◆ **Exercise description**
Shown below are entries with pictures; the line with "a living room" through the line with "Ein Satz von" is the span to retype exactly, and the pictures stay out.

◆ **Records shown**
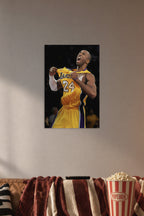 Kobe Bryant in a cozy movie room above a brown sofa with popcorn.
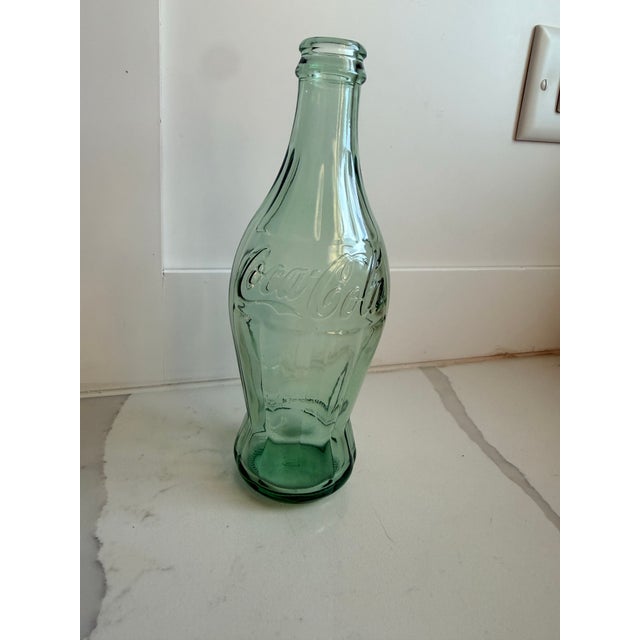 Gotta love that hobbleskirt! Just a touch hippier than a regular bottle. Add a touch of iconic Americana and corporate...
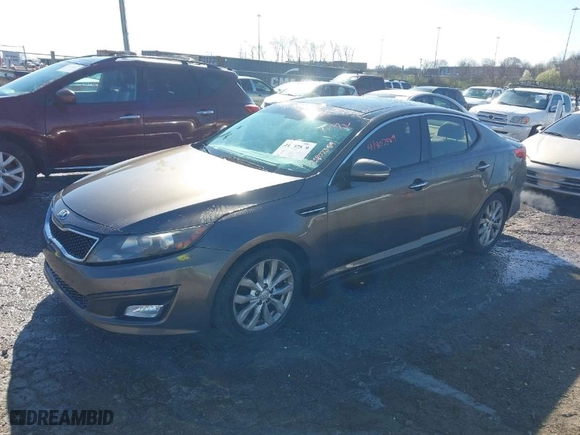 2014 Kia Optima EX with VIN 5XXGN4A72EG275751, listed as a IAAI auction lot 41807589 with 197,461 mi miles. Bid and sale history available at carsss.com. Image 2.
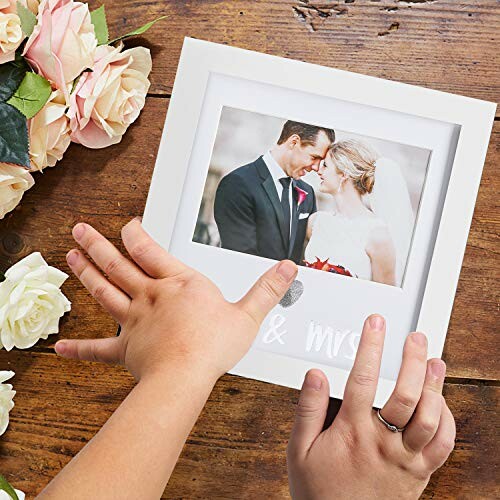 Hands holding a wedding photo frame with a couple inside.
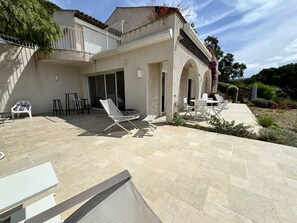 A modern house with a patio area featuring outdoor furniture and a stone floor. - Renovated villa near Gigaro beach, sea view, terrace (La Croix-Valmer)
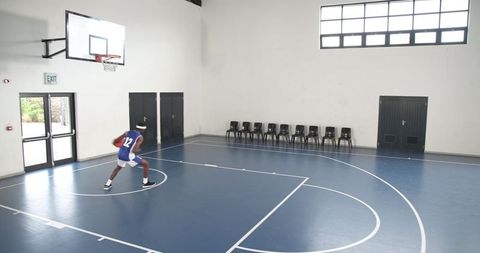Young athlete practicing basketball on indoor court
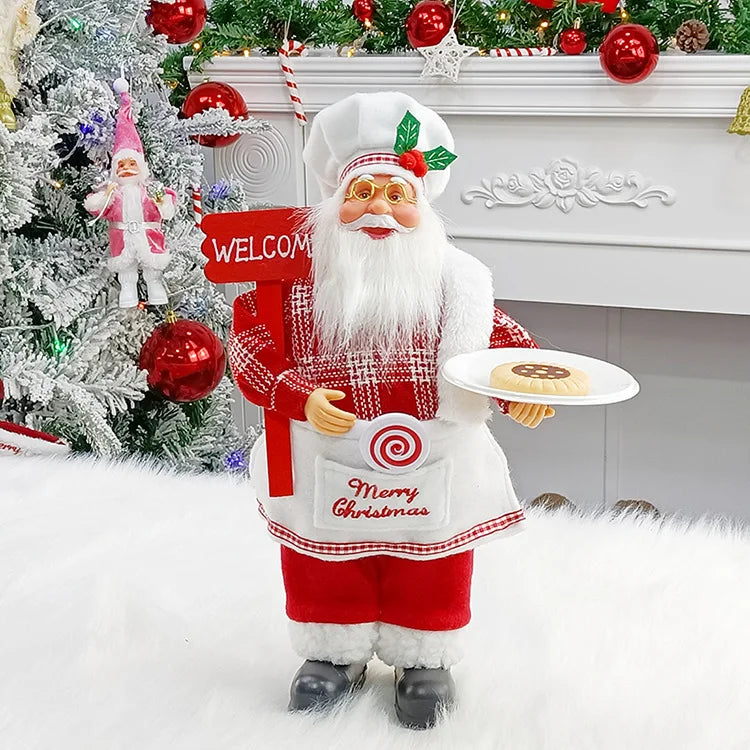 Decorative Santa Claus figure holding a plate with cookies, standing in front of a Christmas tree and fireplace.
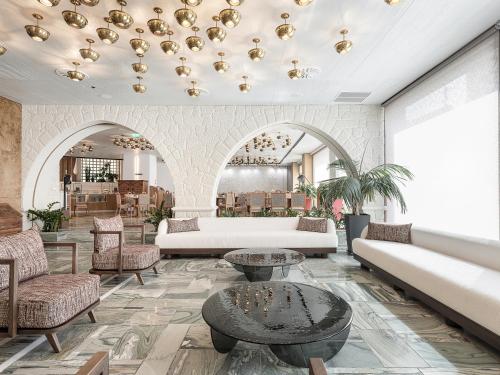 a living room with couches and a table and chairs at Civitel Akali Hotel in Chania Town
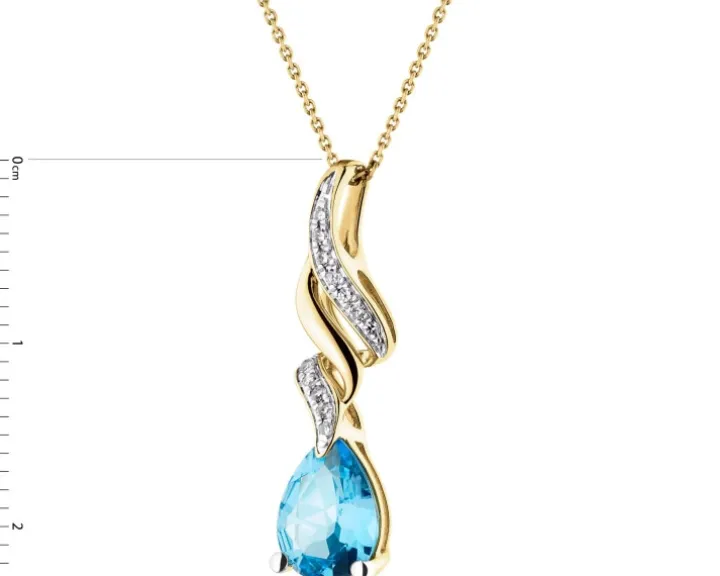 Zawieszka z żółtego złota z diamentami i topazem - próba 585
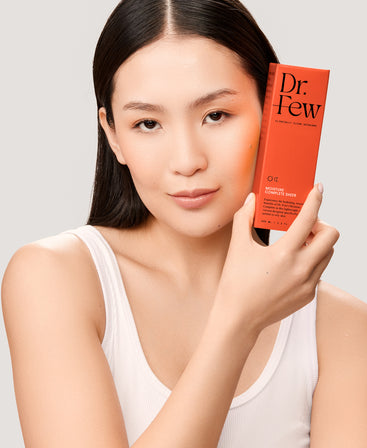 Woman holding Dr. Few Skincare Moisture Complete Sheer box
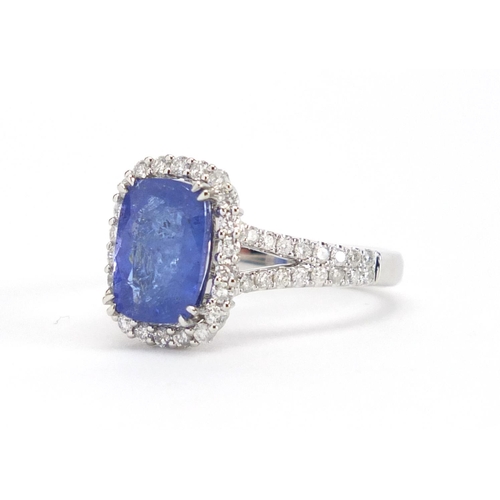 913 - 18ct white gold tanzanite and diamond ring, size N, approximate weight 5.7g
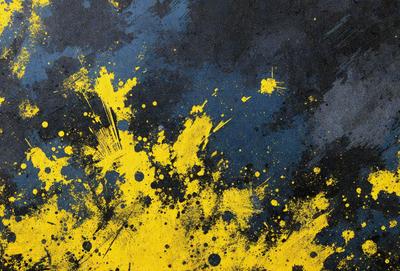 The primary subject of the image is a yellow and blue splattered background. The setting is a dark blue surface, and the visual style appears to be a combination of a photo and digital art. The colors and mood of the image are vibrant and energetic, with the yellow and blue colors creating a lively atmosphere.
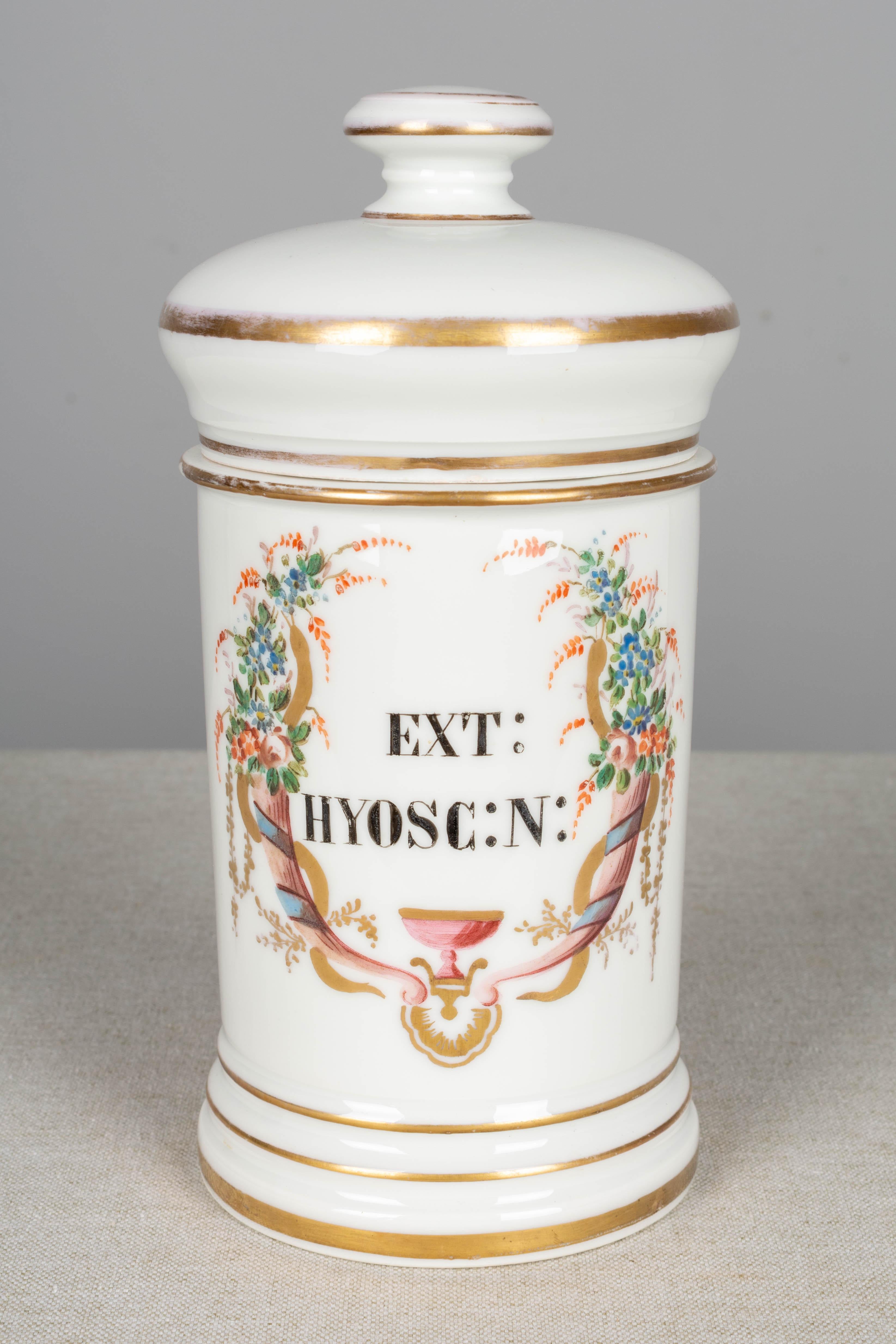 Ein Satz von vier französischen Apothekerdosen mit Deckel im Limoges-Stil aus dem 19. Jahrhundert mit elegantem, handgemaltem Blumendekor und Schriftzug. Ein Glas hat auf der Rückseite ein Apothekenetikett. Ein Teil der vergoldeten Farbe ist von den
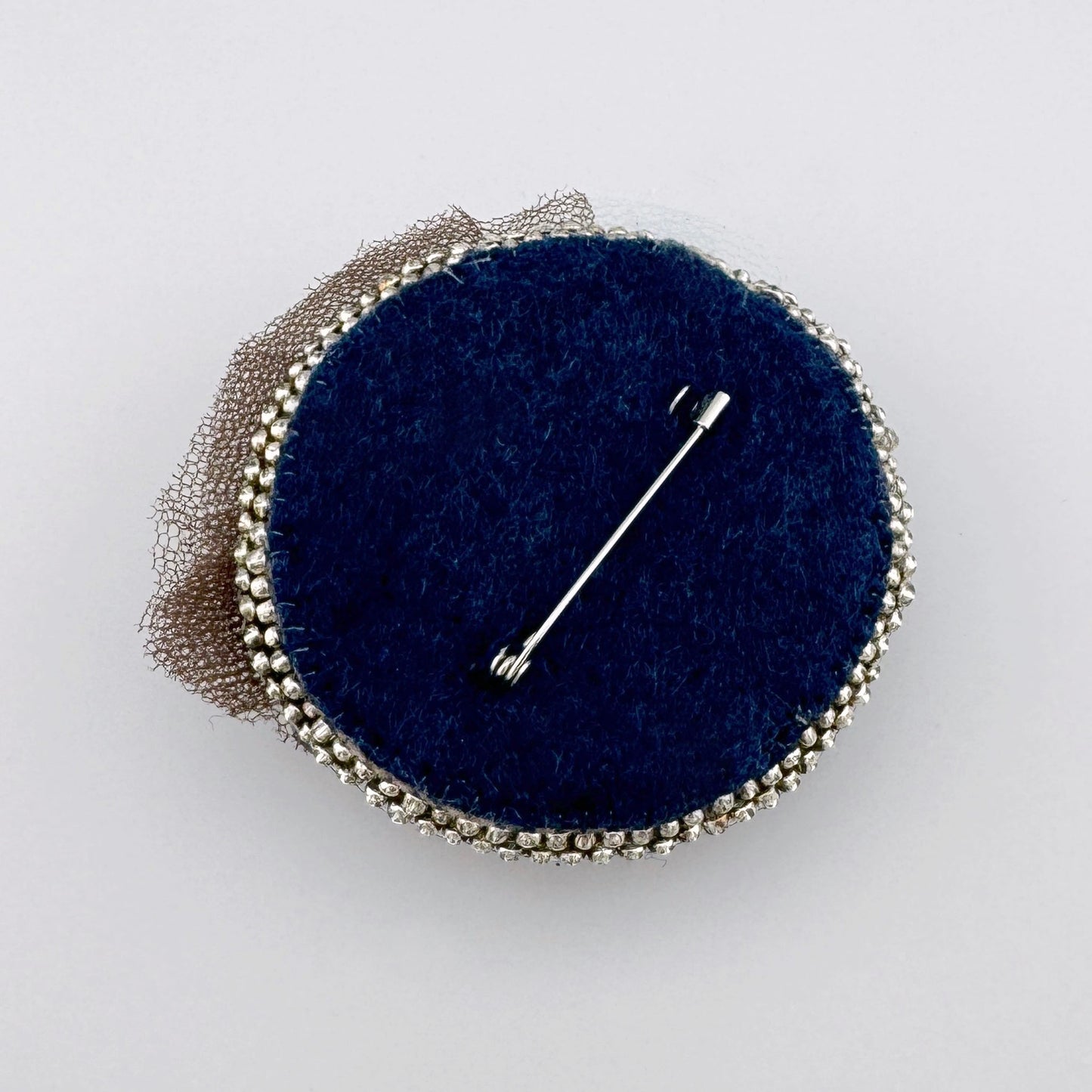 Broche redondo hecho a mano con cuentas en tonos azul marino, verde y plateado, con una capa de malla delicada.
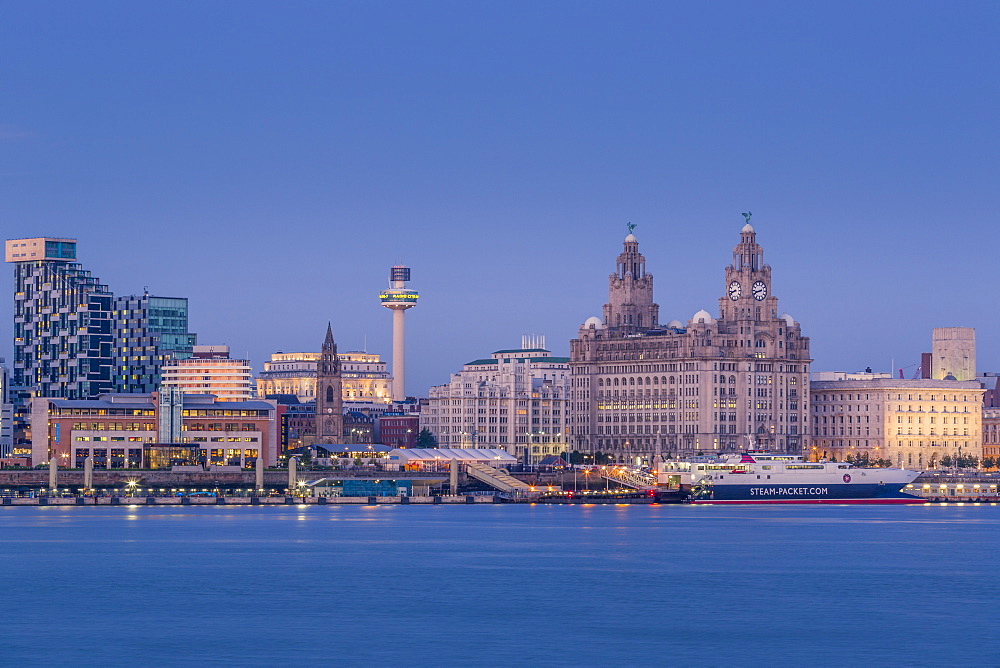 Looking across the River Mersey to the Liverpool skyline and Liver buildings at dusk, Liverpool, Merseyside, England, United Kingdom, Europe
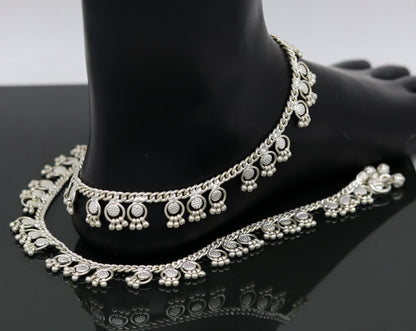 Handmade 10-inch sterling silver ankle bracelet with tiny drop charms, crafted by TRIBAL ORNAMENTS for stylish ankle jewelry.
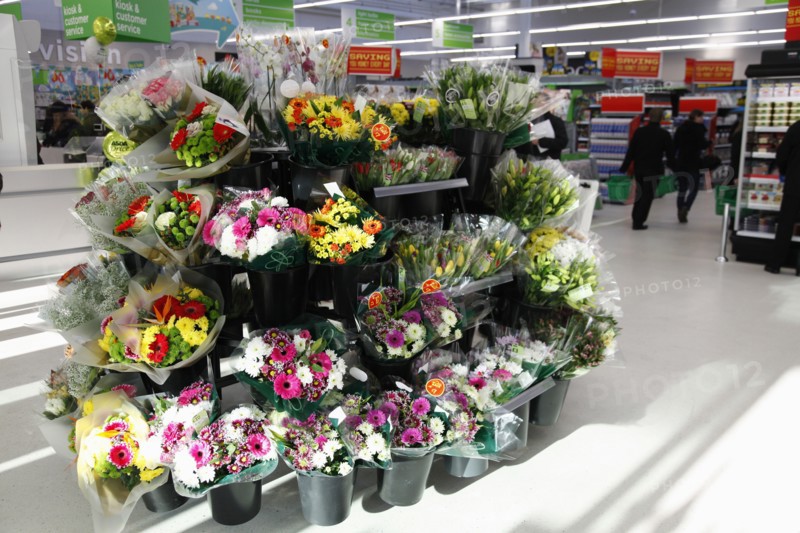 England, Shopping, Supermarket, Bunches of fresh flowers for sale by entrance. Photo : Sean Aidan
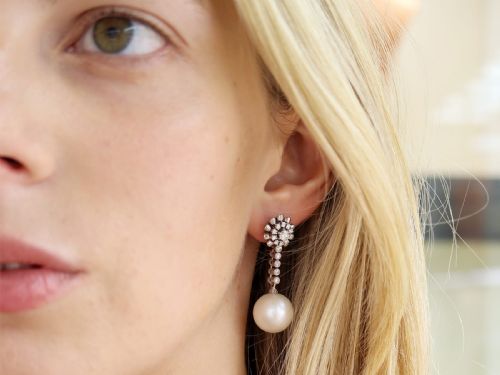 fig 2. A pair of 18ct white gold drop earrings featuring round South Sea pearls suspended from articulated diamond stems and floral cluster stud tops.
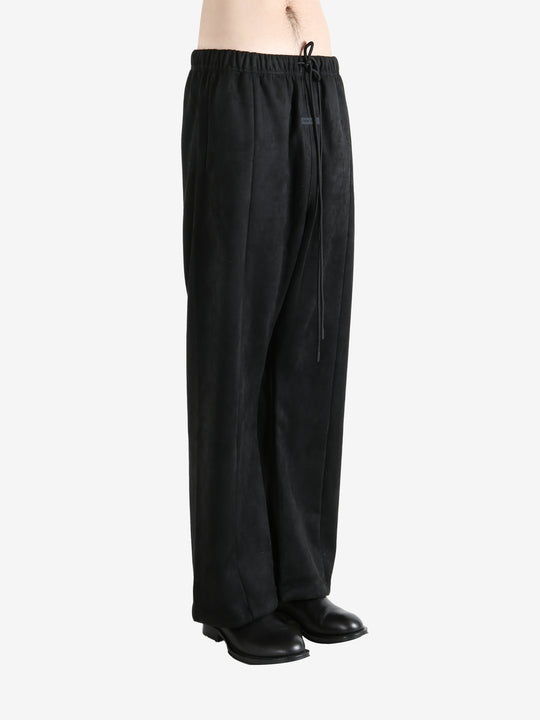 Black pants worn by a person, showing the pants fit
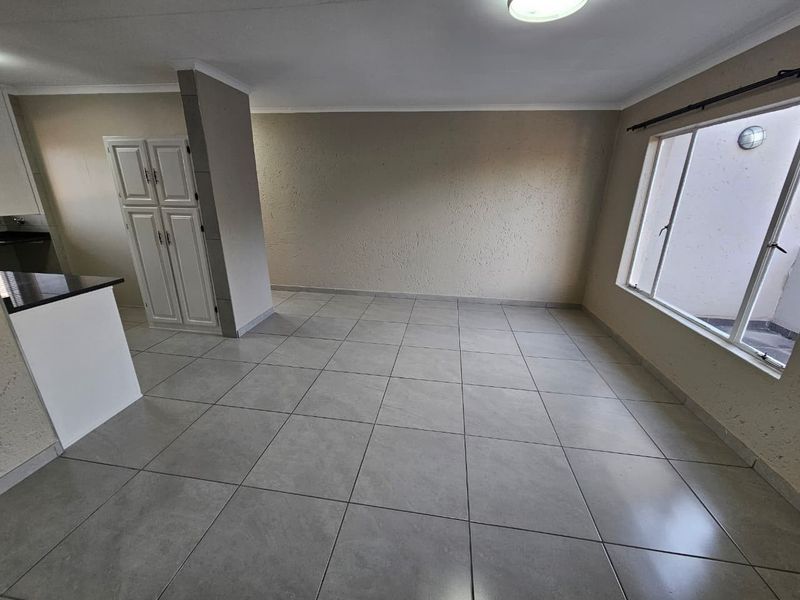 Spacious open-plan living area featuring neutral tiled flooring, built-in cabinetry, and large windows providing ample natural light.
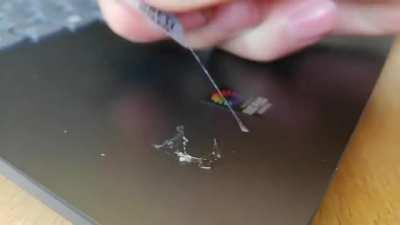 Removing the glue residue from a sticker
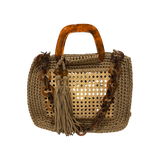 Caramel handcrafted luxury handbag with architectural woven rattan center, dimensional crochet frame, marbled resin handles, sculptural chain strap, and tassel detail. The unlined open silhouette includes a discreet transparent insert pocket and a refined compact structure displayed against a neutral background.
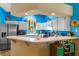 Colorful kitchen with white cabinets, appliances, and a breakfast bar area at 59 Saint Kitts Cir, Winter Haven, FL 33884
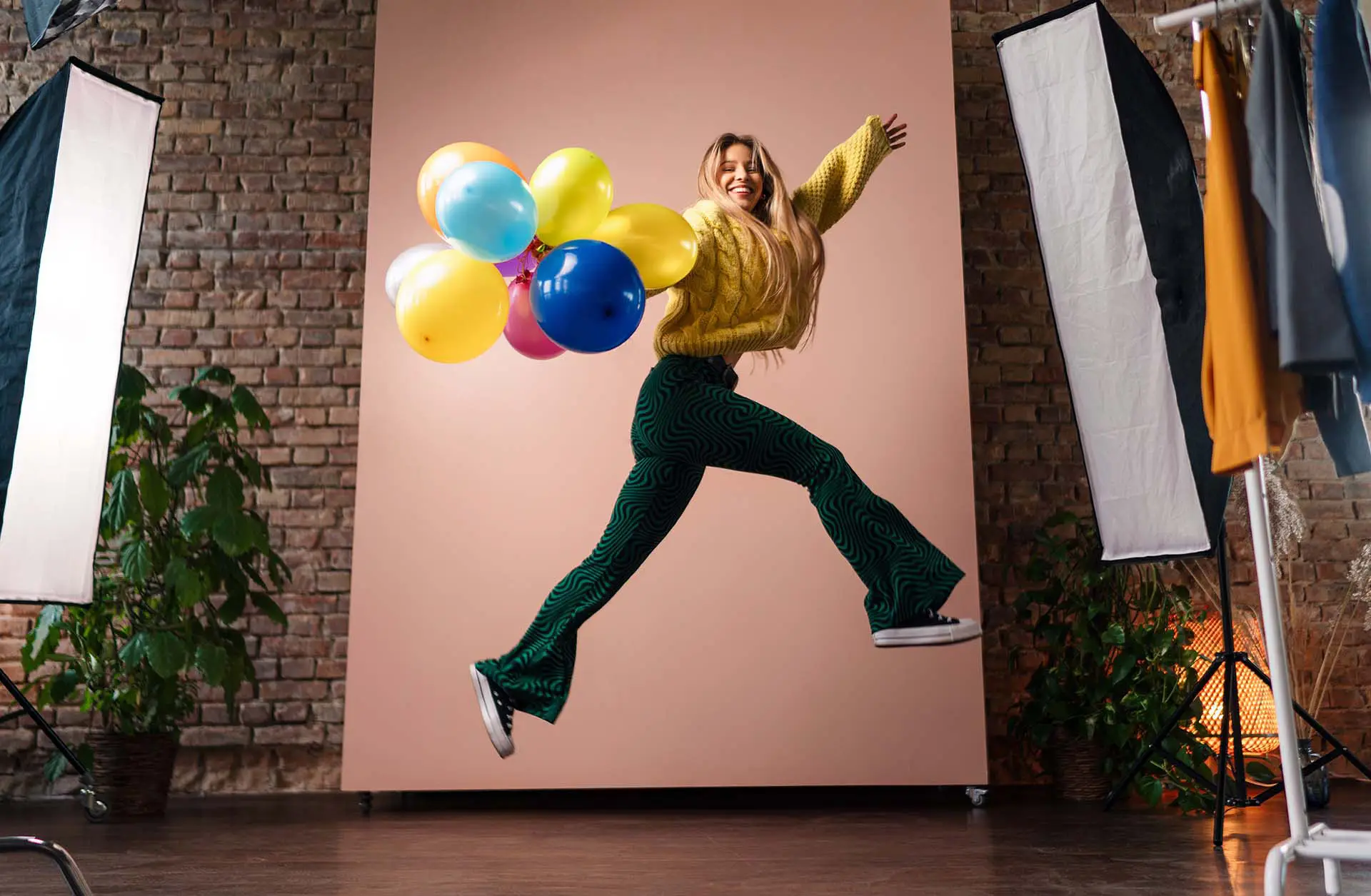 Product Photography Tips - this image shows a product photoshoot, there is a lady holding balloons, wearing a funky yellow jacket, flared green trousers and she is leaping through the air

◆ **Problem solution**
 a living room with couches and a table and chairs at Civitel Akali Hotel in Chania Town
 Zawieszka z żółtego złota z diamentami i topazem - próba 585
 Woman holding Dr. Few Skincare Moisture Complete Sheer box
 913 - 18ct white gold tanzanite and diamond ring, size N, approximate weight 5.7g
 The primary subject of the image is a yellow and blue splattered background. The setting is a dark blue surface, and the visual style appears to be a combination of a photo and digital art. The colors and mood of the image are vibrant and energetic, with the yellow and blue colors creating a lively atmosphere.
 Ein Satz von vier französischen Apothekerdosen mit Deckel im Limoges-Stil aus dem 19. Jahrhundert mit elegantem, handgemaltem Blumendekor und Schriftzug. Ein Glas hat auf der Rückseite ein Apothekenetikett. Ein Teil der vergoldeten Farbe ist von den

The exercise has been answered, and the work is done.